Well, here we are at the end of February, and I'm doing fairly well with my challenge of reading twenty classics I've never read before from the list. (If you're interested, the list can be found here.)
It was interesting to compare the first book, based on stories Milne told to his son, and the second which was written as a sequel when Christopher Robin had apparently outgrown the stories and was off at school. The introduction and conclusion of House at Pooh Corner had an almost bittersweet quality. I noticed a similar contrast between Lewis Carroll's Alice's Adventures in Wonderland (which I read last year) and Through the Looking Glass, which I finished last week. Alice is rather obnoxious in the first, and more mature and likable in the second. There's much more structure in Looking Glass--it's based on a chess game (as wacky as Wonderland seems, Carroll was a mathematician, and there is a sort of logic to the fantasy world), and it's clear when Alice moves from one square to the next as a pawn. Similarly, Milne's second novel shows more structure, written for a public audience as opposed to a record of oral stories written down for one child. Movie adaptations of both seem to have blended the two books together. The talking flowers and Tweedle Dee and Tweedle Dum, who appear in the Disney film, are from the second book, for instance. As a companion, I read a short biography on Carroll, Lewis Carroll in Wonderland by Stephanie Stoffel, which gave a good overview of his life and a lot of photos. The thing most people know about Carroll is that he liked to photograph children--was in fact one of the most renowned children's photographers of his day--and seemed to have a fondness for spending time with children that was questionable for a single man. It seems his friendship with Alice Liddell, on whom Alice is based, ended abruptly before the book was published. He kept a daily journal, but a niece tore the pages referring to whatever happened between him and the Liddell girls out. One theory is that Alice got to be close to marriagable age and it was no longer appropriate for her to spend time with an unmarried man. There is also a theory that he may have been in love with her and interested in marraige (which wouldn't have been unheard of at the time, despite the age difference), though he was not a suitable suitor due to the class difference (Mrs. Liddell was socially ambitious).

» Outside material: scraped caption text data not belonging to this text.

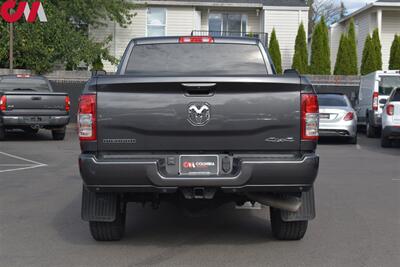2022 RAM 3500 Big Horn  4x4 4dr Crew Cab 6.3 ft. SB SRW Pickup! Parking Assist! Back-Up Camera! Cruise Control! Tow Package! 4H & 4L! Apple CarPlay! Android Auto! - Photo 4 - Portland, OR 97266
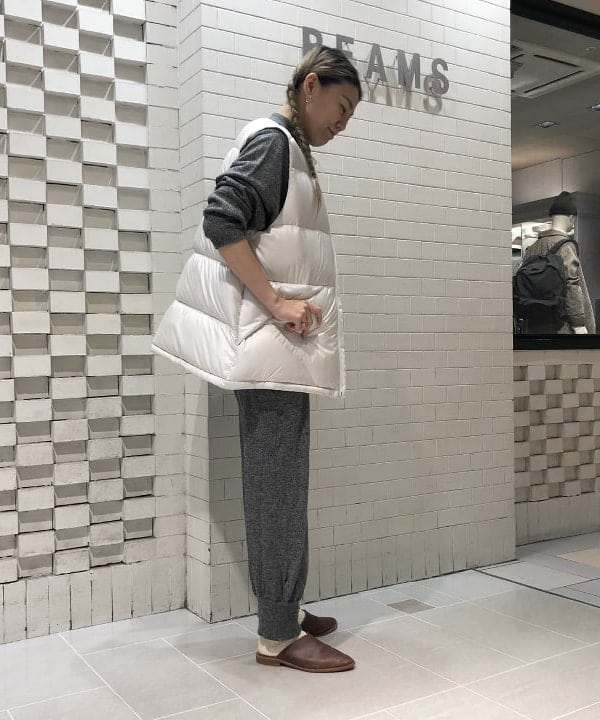 福岡 千晃さんの「BEAMS WOMEN｜」を使ったコーディネート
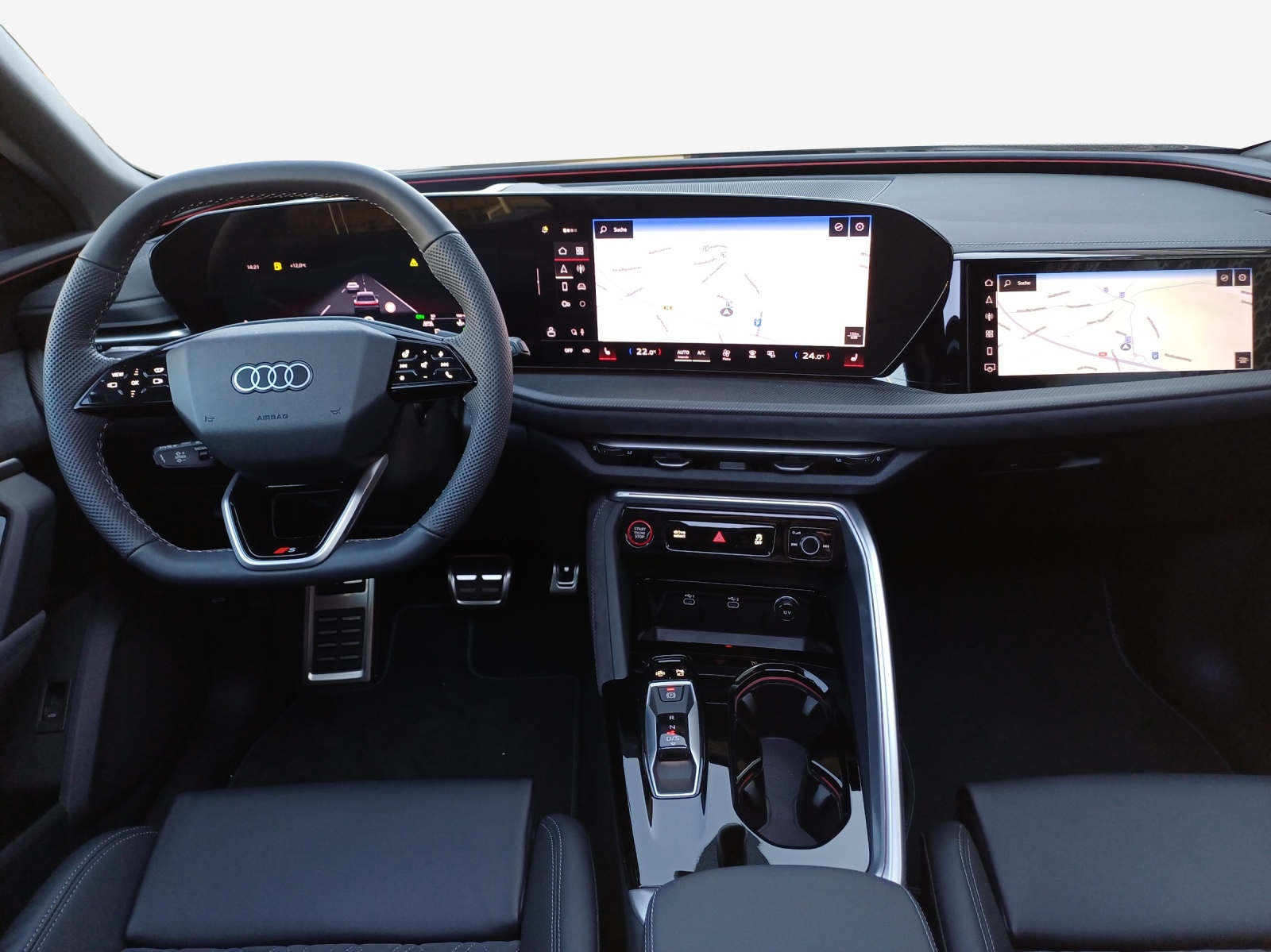 AUDI SQ5 TFSI quattro S-tronic-image-8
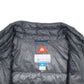 Mens Grey Columbia Turbodown  Coat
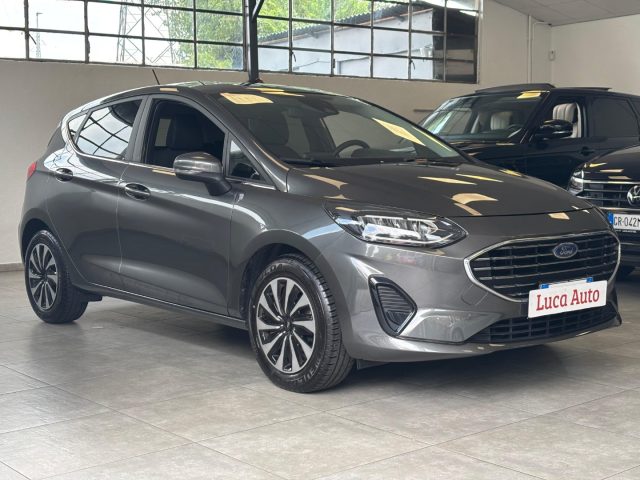 FORD Fiesta usata, con Airbag laterali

The third classic on the list I read was the novella Breakfast at Tiffany's by Truman Capote. The book is much more liberal than the Audrey Hepburn movie, and more poignant with a very different ending. It reminded me a bit of a modern-day Camille by Dumas fils. (the basis for my favorite opera, La Traviata) in both plot and overall structure. The most notable difference to me when compared to the movie were the frequent, casual references to lesbianism--I can't imagine that being in an Audrey Hepburn movie. the edition I read also contained a few other short stories by Capote which are worth reading because they show his strength for character-driven short stories.
I supposed my conclusion so far on the Classics Challenge is that while reading a work by a classic author is good, reading two or three gives you a better understanding. I know that isn't a very profound observation, as it seems rather obvious. I guess another way to put it is that being widely read doesn't necessarily mean a wide variety of different authors, but rather a deeper understanding of each author. however, I think you do need to read broadly to find the authors you want to read more of, and be open to all types of books. You never know what you might end up liking.
I started the next book on the list, Agatha Christie's Murder on the Orient Express, last night. Though only two chapters in, I think she's another author I'll want to read several books by. Seems the goal of 20 books on that list (which lists one book by each of 150 classic authors) is going to be a bigger challenge than I thought, but a worthwhile one.